RIP, Macintosh - phreanix
http://www.newsweek.com/blogs/techtonic-shifts/2010/06/08/does-apple-s-iphone-4-signal-the-death-of-the-macintosh.html

======
billturner
Well, that was a silly article. Of course, the mac can't go anywhere since
they're needed to build the pretty apps for the iOS. They're updating the
hardware (see the recent updates to macbook pros and macbooks) but maybe
they're just slowing down on the main OSX software development. But even
that's fine with me, since Snow Leopard has been working pretty well for me.

------
al_james
Well, Mac is a mature product line. True it might not be at the cutting edge
of Apple's business but it is a highly profitable income stream for Apple. So
it is not going anywhere.

I suppose there is a possibility of iPad cannibalising MacBook sales, but its
pretty much apples and oranges.

That said, I cant help thinking that they might do some kind of Apple desktop
app store where they can keep 30% of the app revenue, but give developers
access to a well integrated distribution channel.

------
mark_l_watson
Isn't there a brand new 2.4 GHz Macbook? Check the online store.

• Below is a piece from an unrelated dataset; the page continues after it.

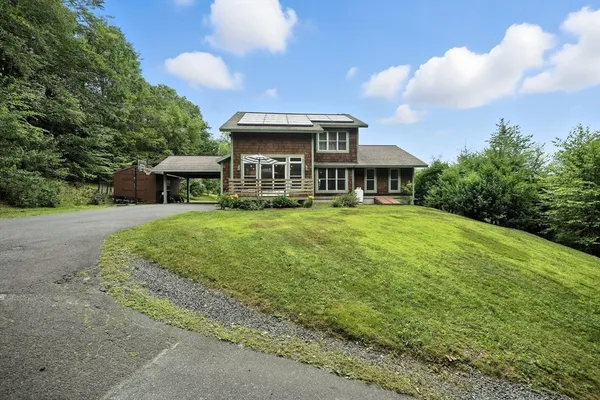 an aerial view of a house with a yard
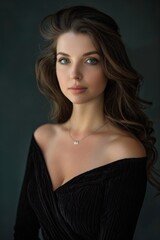 Naklejka premium Model poses gracefully with alluring expression in dark attire against a neutral backdrop, showcasing elegance and poise during a portrait session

After a long time of using Ubuntu for about 80% of my work, I am drifting back
to OS X for the majority of my work. The issue for me is that the MacBook
keyboard is just a little nicer for reducing hand fatigue for me - not sure
why. That said, MacBooks run Ubuntu great.

------
brudgers
The last major Mac announcement...the air two and a half years ago. Snow
Leopard was thrown off the back off a truck in the middle of the night - right
between the 3GS and the rock and roll event (aka the smokescreen).

The Mac jumped the shark the day Bootcamp was released.